Toward model-informed precision dosing for tamoxifen: A population-pharmacokinetic model with a continuous CYP2D6 activity scale - 26/02/23

Doi : 10.1016/j.biopha.2023.114369

Bram C. Agema ^a,^b,^⁎ , Sanne M. Buijs ^a, Sebastiaan D.T. Sassen ^b,^c, Thomas E. Mürdter ^d,^e, Matthias Schwab ^d,^f,^g, Birgit C.P. Koch ^b,^c, Agnes Jager ^a, Ron H.N. van Schaik ^h, Ron H.J. Mathijssen ^a, Stijn L.W. Koolen ^a,^b
^a Dept. of Medical Oncology, Erasmus MC Cancer Institute, Erasmus University Medical Center; Rotterdam, the Netherlands
^b Dept. of Clinical Pharmacy, Erasmus University Medical Center; Rotterdam, the Netherlands
^c Rotterdam Clinical Pharmacometrics Group; Rotterdam, the Netherlands
^d Margarete Fischer-Bosch-Institute of Clinical Pharmacology; Stuttgart, Germany
^e University of Tübingen; Tübingen, Germany
^f Dept. of Clinical Pharmacology, University Hospital Tübingen; Tübingen, Germany
^g iFIT Cluster of Excellence (EXC2180) “Image Guided and Functionally Instructed Tumor Therapies”, University of Tübingen, Tübingen, Germany
^h Dept. of Clinical Chemistry, Erasmus University Medical Center, Rotterdam, the Netherlands

^⁎Correspondence to: Erasmus MC Cancer Institute, Erasmus University Medical Center, Dr.
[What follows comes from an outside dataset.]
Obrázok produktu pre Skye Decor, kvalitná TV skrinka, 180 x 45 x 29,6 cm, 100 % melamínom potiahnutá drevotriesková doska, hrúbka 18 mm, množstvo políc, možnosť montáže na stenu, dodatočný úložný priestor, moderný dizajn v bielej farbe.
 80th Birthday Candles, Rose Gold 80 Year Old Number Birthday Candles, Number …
Molewaterplein 40, 3015 GD Rotterdam, the Netherlands.Erasmus MC Cancer Institute, Erasmus University Medical CenterDr. Molewaterplein 40Rotterdam3015 GDthe Netherlands

Abstract

Background

Tamoxifen is important in the adjuvant treatment of breast cancer. A plasma concentration of the active metabolite endoxifen of > 16 nM is associated with a lower risk of breast cancer-recurrence. Since inter-individual variability is high and > 20 % of patients do not reach endoxifen levels > 16 nM with the standard dose tamoxifen, therapeutic drug monitoring is advised. However, ideally, the correct tamoxifen dose should be known prior to start of therapy. Our aim is to develop a population pharmacokinetic (POP-PK) model incorporating a continuous CYP2D6 activity scale to support model informed precision dosing (MIPD) of tamoxifen to determine the optimal tamoxifen starting dose.

Methods

Data from eight different clinical studies were pooled (539 patients, 3661 samples) and used to develop a POP-PK model. In this model, CYP2D6 activity per allele was estimated on a continuous scale. After inclusion of covariates, the model was subsequently validated using an independent external dataset (378 patients). Thereafter, dosing cut-off values for MIPD were determined.

Results

A joint tamoxifen/endoxifen POP-PK model was developed describing the endoxifen formation rate. Using a continuous CYP2D6 activity scale, variability in predicting endoxifen levels was decreased by 37 % compared to using standard CYP2D6 genotype predicted phenotyping. After external validation and determination of dosing cut-off points, MIPD could reduce the proportion of patients with subtherapeutic endoxifen levels at from 22.1 % toward 4.8 %.

Conclusion

Implementing MIPD from the start of tamoxifen treatment with this POP-PK model can reduce the proportion of patients with subtherapeutic endoxifen levels at steady-state to less than 5 %.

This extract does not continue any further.